Besprechung vom 22.03.2018
Die Region ist mit dabei
"Frankfurt liest ein Buch": 120 Veranstaltungen zu "Das siebte Kreuz" von Anna Seghers
Als sie die ersten Pläne für ihr neues Buch macht, irrt Anna Seghers sich nur in der Seitenzahl. 300 Seiten hat sie sich vorgenommen, am Ende werden es mehr. Nicht geirrt hat sie sich in dem, was das Buch ist. "Spannend und bunt und vielfältig" solle es werden, schreibt sie einem Korrespondenzpartner. Das ist sie dann auch geworden, die Geschichte des Häftlings, der 1937 aus einem Konzentrationslager bei Worms flieht und alte Freunde in Mainz und Frankfurt um Hilfe bittet, ehe er den Rhein hinab nach Holland entkommt. Ein Buch, von dem Carl Zuckmayer, wie Seghers ins Exil gezwungen und Mainz, der Heimatstadt der Schriftstellerin, ebenso fest verbunden wie sie, später sagte, es sei das einzige Werk der Exilliteratur, in dem aus der Ferne ein "menschlich glaubhaftes Bild des verfinsterten Deutschland" gelungen sei.

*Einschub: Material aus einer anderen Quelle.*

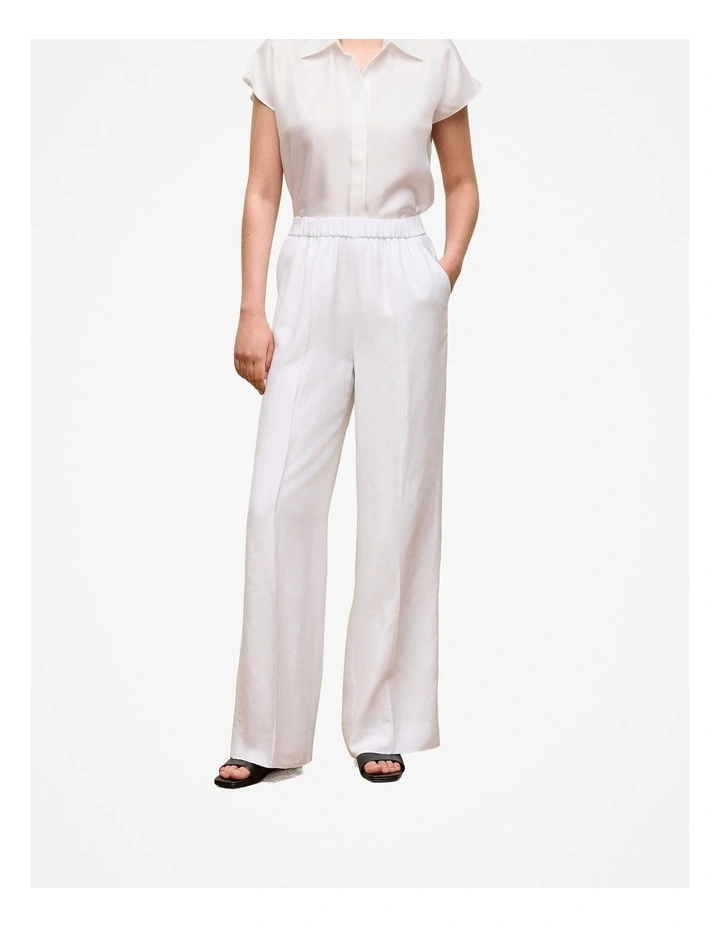 Soft Pinstitched Pant in White image 1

Während sie "Das siebte Kreuz" verfasst, lebt Seghers in Frankreich, versucht, aus Europa zu entkommen, hat kaum Geld, weiß nicht, wie sie ihre Kinder ernähren soll und macht sich Sorgen um die Familie in Deutschland - ihre Mutter wird später deportiert und ermordet. Aber 1942 erscheint "Das siebte Kreuz" überaus erfolgreich auf Englisch in den Vereinigten Staaten und in einem kleinen Exilverlag in Mexiko auch auf Deutsch. Um viele biographische und literarische Details dieser Art wird es gehen, wenn der Roman vom 16. bis 29. April im Mittelpunkt von "Frankfurt liest ein Buch" steht, dem erfolgreichen Lesefest, das in diesem Jahr zum neunten Mal stattfindet. Höchst, Bockenheim, Niederrad, die Riederwaldsiedlung - überall dort, wo Georg Heisler im Roman vorbeikommt, wird gelesen. Die genaue Verortbarkeit der Ereignisse rücke dem Leser das Grauen des Geschehens nahe, sagte Frankfurts Kulturdezernentin Ina Hartwig (SPD) bei der Vorstellung des Programms: "Umso wichtiger ist es, dass Frankfurt nicht alleine liest."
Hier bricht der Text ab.